Introduction

Dry eye syndrome is a multifactorial condition characterized by eye irritation symptoms, blurred and fluctuating vision, tear film instability, increased tear osmolarity and ocular surface epithelial dysfunction1,2,3,4. Sjögren's syndrome (SS) is an autoimmune disorder in which the exocrine glands are the principal target organs, particularly the lachrymal and salivary glands5,6 and dry eyes are frequently are the presenting symptoms of SS.

Multiple proteomics-based studies have identified several proteins and peptides as candidate SS biomarkers. A proteomic analysis of the saliva of SS patients exhibited differences in the levels of a number of proteins such as α-amylase precursor, carbonic anhydrase VI and β-2 microglobulin compared to healthy controls7. Other studies also reveal that lactoferrin is a tear-specific biomarker for SS while anti-transglutaminase, anti-histone, anti-SSA and anti-SSB antibodies are saliva biomarkers of SS8,9. The ability to probe the protein content of human tear fluid has enormous potential for deepening our understanding of the pathology of ocular and systemic diseases such as SS and diabetes and enabling novel noninvasive tear-based diagnostic technologies.

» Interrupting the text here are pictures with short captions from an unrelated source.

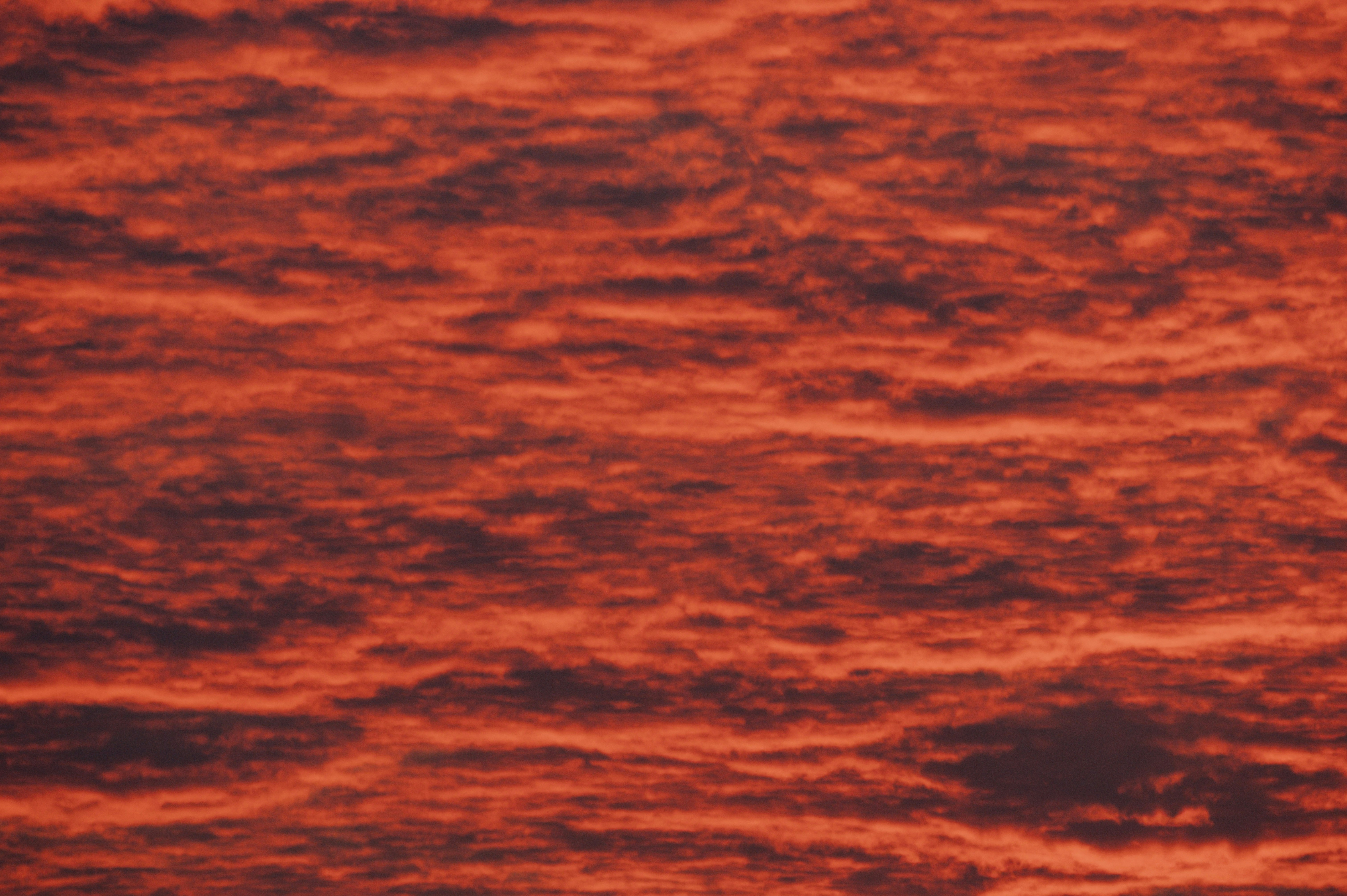 Photo by chuttersnap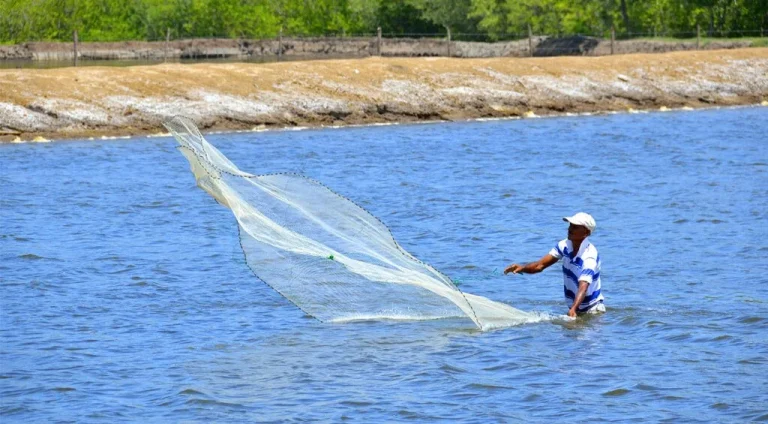 Conoce el Salario Mínimo en Honduras para 2020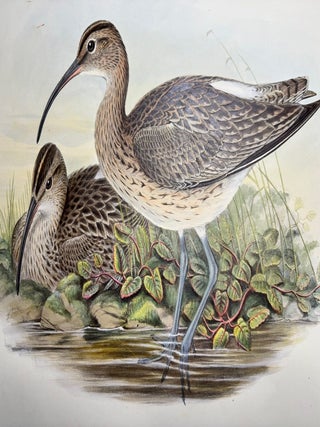 Item #2378 Print from "The Birds of Great Britain", Numenius Phaeopus, Whimbrel. J. Gould, H C....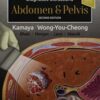 diagnostic-ultrasound-abdomen-and-pelvis-2nd-edition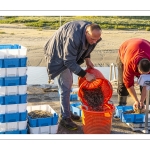 Le retour des pêcheurs de crevettes grises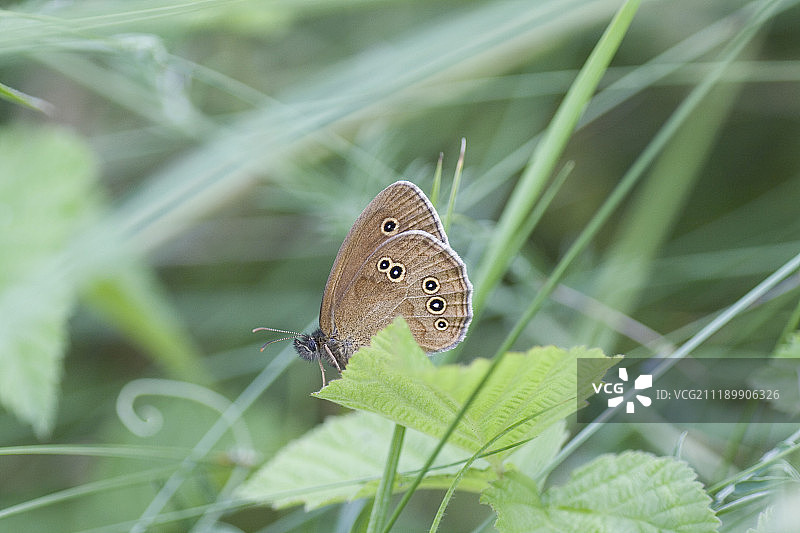 栖息在树叶上的环蝶图片素材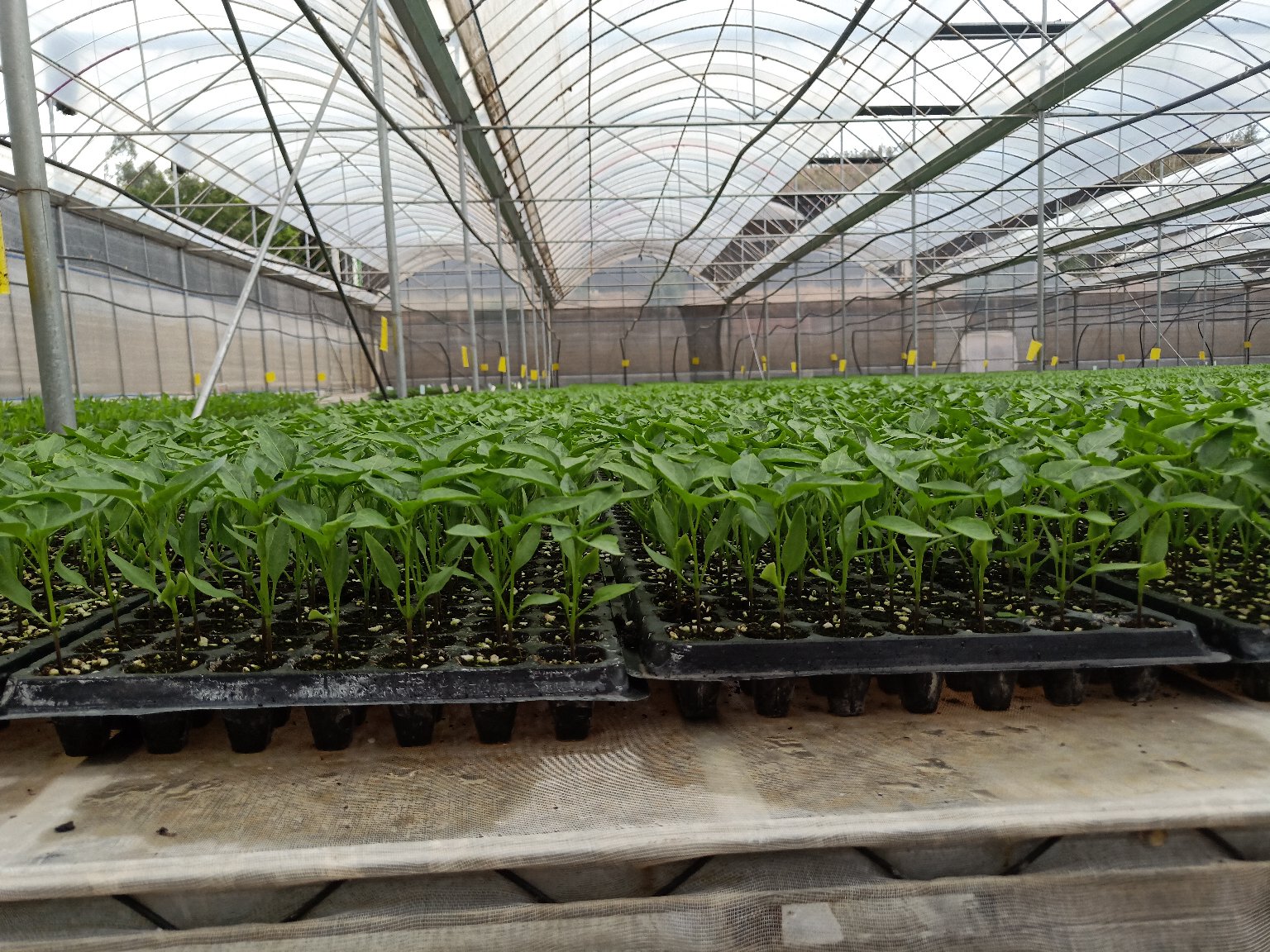 贵州遵义辣椒种植基地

Recently, electrospray ionization (ESI) tandem mass spectroscopy (MS/MS) has been used to identify novel protein species in tears10,11,12,13. The number of proteins found in the tear film continues to grow; however, there is disagreement in the literature regarding the number of proteins in the tear film and the functions of individual proteins. Fung et al.14 reported that approximately 500 proteins were detected and unambiguously identified by liquid chromatography (LC)/MS/MS. Some of these functions are thought to be protective by aiding the ocular surface defense system, or maintain stability of the ocular surface by promoting interaction with other ligands (i.e., lipid binding proteins). The up- or downregulation of these proteins may be indicative of disease mechanisms. In addition, proteomic patterns in tear fluids may reflect histological and functional changes of the lachrymal gland15.

The aims of this study were to examine and compare the tear film proteome of SS, dry eye patients and normal volunteers using 2D-LC-nano-MS/MS-based proteomics.

Methods

The study population

Eight subjects with SS and dry eye syndrome (group A) were recruited for the study. SS was diagnosed according to the Fox criteria16. Dry eye syndrome was diagnosed by a modified Dry Eye Workshop classification17 and was considered present if Schirmer I test < 5 mm and tear breakup time (BUT) < 5 seconds and absent if Schirmer I test > 10 mm and BUT > 10 seconds. Eight patients with dry eye symptoms (group B, Schirmer I test > 10 mm and BUT > 10 sec) but no systemic diseases were also recruited. A subject was excluded if he or she 1) had a history of ocular trauma or abnormality of the nasolacrimal drainage apparatus; 2) used eye drops within one month prior to the study, 3) had systemic immunologic syndromes other than SS; or 4) any other ocular syndromes than dry eye syndrome. Four acinae of the labial gland were taken from the patients and immediately preserved in formalin for pathological examination. In addition, 8 age and sex-matched healthy subjects who received regular physical checkup (group C) in the same interim were included as normal controls.

The study protocol was approved by the Institutional Review Board of Shanghai Tenth People's Hospital and all study participants provided written informed consent. The study was carried out in accordance with the Declaration of Helsinki.

Western blot assays

Five mL of blood was collected via the antecubital vein of participants in group A, B and C for measurement of anti-SSA/SSB antibodies using commercially available kits as instructed by the manufacturer (Emoimraw, Germany). The immunoblotting procedure was carried out as previously described18.

Sample collection and preparation

Tears were collected by placing a Schirmer strip in the inferior fornix approximately 6 mm from the lateral canthus. The conjunctiva was not anesthetized. The subjects were instructed to keep the eyes closed during the 5-min test. After the wet length was recorded, the strip was placed in a 1-mL amber Eppendorf tube. Gloves were worn by the examiner and by all investigators handling any tear film samples. All the samples were processed in a masked fashion. The samples were placed immediately in ice transport tanks and stored at −80°C until processed.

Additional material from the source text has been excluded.